Panował totalny chaos, przyjaciół niemalże oskarżono o prowokowanie. Korespondentowi udało się uciec. Wydawałoby się, że już po sprawie. Dopiero później się okaże, że to nie był koniec.

Bliżej godziny 17 kolumna się rozdzieliła i przyjaciele poszli do swojego samochodu, schowali flagi. Poszli po lody i wodę. W drodze powrotnej ze sklepu drogę zajechał im mikrobus.

– Nie spodziewaliśmy się czegoś takiego. Idziemy spokojnie we dwójkę, nie ma już żadnego protestu. I tu nagle biegną na nas. Mój przyjaciel zdążył uciec, a ja, przebiegając przez drogę, upuściłem kluczyki od samochodu. Zatrzymałem się i chciałem je podnieść. Tak, pozwoliłem sobie na taką bezmyślność. Koło banku „Dobrobyt” potknąłem się, funkcjonariusze OMON-u mnie złapali, wzięli pod pachy i pociągnęli.

Kilka razy mówiłem im, że nie stawiam oporu, żeby nie dopisali mi artykułu za stawianie oporu przy zatrzymaniu. Ale czy da się z nimi w ogóle rozmawiać?! Jeden z nich zaczął mnie bić w splot słoneczny. Zaprowadzili do busa, a tam już przyjęli ze słowami: „K**wa, masz przechlapane!”. Rzucili mnie na podłogę i zaczęli bić nogami i pałować. Przy czym nie gumową pałą, tylko żelazną. Przez pobiciem usłyszałem, jak pytali się nawzajem: „Wywieźć go do lasu czy zrobić z niego inwalidę?” Odpowiedź brzmiała: „Nie ma czasu, robimy inwalidę!”

– Byłem jedynym zatrzymanym w tym busie.

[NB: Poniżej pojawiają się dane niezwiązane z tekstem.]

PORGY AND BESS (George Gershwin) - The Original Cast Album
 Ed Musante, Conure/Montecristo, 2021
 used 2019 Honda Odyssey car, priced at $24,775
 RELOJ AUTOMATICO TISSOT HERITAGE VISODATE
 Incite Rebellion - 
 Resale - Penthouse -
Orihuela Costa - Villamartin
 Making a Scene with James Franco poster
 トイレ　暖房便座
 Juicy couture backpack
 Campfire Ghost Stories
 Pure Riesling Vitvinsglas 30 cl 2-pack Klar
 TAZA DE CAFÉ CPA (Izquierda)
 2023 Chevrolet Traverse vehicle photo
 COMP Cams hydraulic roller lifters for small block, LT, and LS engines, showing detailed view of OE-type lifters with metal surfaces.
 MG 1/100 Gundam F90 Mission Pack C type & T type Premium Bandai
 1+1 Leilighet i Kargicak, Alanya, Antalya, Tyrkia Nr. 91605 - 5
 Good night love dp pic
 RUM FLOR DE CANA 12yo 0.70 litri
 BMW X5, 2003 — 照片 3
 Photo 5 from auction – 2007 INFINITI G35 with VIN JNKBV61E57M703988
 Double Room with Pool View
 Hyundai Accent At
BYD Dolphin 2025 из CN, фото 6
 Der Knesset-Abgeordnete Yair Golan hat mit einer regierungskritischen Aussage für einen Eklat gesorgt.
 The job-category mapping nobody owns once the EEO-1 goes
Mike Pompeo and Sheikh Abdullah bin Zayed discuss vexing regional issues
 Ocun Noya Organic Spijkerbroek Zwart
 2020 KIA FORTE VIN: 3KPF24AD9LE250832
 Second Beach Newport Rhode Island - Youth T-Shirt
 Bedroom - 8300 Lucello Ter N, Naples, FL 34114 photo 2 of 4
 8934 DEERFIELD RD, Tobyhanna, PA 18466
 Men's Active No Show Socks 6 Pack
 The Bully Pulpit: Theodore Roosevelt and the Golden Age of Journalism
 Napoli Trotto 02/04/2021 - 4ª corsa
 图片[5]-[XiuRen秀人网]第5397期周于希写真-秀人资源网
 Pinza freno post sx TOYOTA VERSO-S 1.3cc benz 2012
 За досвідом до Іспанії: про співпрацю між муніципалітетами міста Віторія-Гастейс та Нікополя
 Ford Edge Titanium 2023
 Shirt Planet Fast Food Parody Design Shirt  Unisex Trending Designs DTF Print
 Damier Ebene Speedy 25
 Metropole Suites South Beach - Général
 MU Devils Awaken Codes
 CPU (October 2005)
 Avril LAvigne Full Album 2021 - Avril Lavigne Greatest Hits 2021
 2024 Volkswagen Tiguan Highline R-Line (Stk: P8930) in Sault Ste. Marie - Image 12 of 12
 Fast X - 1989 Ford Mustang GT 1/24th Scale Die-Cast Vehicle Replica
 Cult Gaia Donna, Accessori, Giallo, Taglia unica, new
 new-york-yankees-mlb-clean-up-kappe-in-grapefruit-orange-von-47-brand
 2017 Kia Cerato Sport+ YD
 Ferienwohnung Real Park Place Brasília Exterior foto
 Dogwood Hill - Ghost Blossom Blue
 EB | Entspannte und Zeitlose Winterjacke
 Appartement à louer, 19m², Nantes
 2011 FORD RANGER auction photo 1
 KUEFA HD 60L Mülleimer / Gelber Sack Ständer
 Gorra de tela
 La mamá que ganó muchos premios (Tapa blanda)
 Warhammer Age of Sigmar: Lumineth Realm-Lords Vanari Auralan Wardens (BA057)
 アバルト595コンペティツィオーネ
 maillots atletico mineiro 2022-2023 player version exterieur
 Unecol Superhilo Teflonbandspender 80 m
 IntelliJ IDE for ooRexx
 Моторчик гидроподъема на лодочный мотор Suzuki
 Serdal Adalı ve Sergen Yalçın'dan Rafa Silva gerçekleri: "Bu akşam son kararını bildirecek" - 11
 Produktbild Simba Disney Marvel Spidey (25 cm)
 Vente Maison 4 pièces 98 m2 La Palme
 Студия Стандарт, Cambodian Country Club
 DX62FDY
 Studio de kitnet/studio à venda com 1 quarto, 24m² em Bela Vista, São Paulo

Wiecie, człowieka można bić na różne sposoby, można go nawet zarżnąć jak świnię. Dopiero później, gdy byłem w szpitalu, pojawiła się wiadomość o śmierci Ramana Bandarenki — to była dokładnie moja sytuacja, jego też tak karali w busie. Kiedy nie jesteś sam, gdy są świadkowie, trudniej im się dopuścić kompletnej makabry. Ale gdy jest się samemu, a ich jest dwunastu – nie ma mowy o żadnym bezpieczeństwie. Mogłem nie przeżyć. Kiedy później przez kilka miesięcy leżałem w łóżku i dochodziłem do siebie, przypomniałem sobie i uświadomiłem wiele rzeczy. 

Zaprowadzili do busa, a tam już przyjęli ze słowami: „K**wa, masz przechlapane!” Rzucili na podłogę i zaczęli bić nogami i żelazną pałą

Iwan to facet wprawiony fizycznie i psychicznie. W 2008 roku ukończył studia na kierunku wychowanie fizyczne. Następnie służył w wojsku, ukończył kursy na wydziale karnym wykonawczym Akademii MSW. Pracował w kolonii sportowej jako oficer, dowódca drużyny. Lecz już w 2010 roku zwolnił się, między innymi z powodu wydarzeń w kraju (w tym roku także odbyły się wybory prezydenckie i związane z nimi protesty).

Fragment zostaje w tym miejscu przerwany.